Once released, the members continued to their destination, an hour behind schedule. Upon arrival, they set up the base camp and CAPLink radio in preparation for the OpEx portion of the training. An aircrew flying CAP255 from Prescott Composite Squadron 206 was the first to relay lines of position to locate the “missing aircraft” target. Cadets were trained in using the Foxhunt app to pinpoint a target, and quickly plotted the transmitted lines. Their lines resulted in a calculated center 4.5 miles away from the actual location. A second aircraft, CAP230 with a Deer Valley Squadron aircrew, was next on scene and transmitted a series of lines of position that resulted in a center one-quarter mile from the actual site.
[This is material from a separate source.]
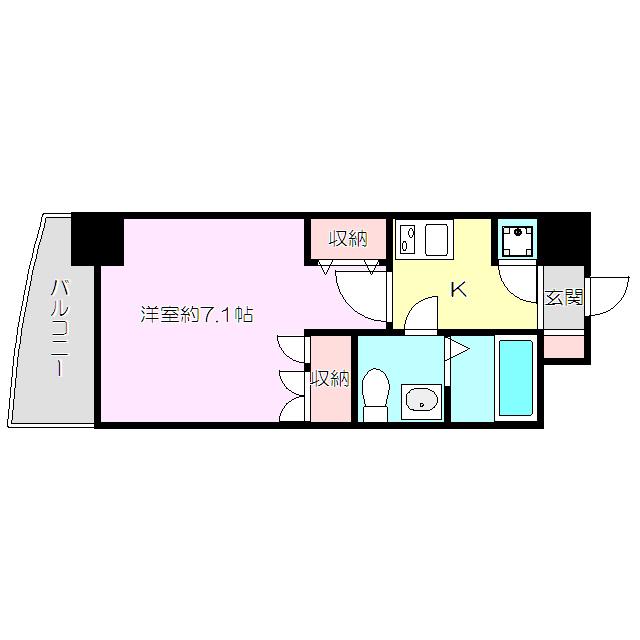セレニテ新大阪カルム(1K/10階)の間取り写真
They were then directed to fly over the simulated crash site and located it from the air.

“CAP230 did an exceptional job of guiding the ground assets to the target site,” Ricker said. “We could not visually see the site from the road and the crew was able to guide us to within 500 feet of the target. We also requested they provide general air support and look for a possible helicopter landing location. They provided guidance for us to the possible landing site.”

Once the “crash site” was found, the cadets then learned that some of the “victims” had left the area and needed to be located by ground search. The sUAS team members set up their drones while the cadets began a “bounding overwatch” search. The cadets and the sUAS team located the missing victims a short distance away at about the same time.

That completed the OpEx portion of the training. The cadets and FTX senior members returned to their base camp for more field training and radio practice. They were fed lunch by Arvizu’s brother, Jose Arvizu, and had some relaxation time by a stream before packing up and heading home.

The FTX team was also tasked to perform some initial field tests with the newly developed mobile CAPLink. While there were some issues with the transmit function, the unit showed significant field capability and reception quality was exceptional.

There were many lessons learned during the FTX that will be added to the planning for the next one.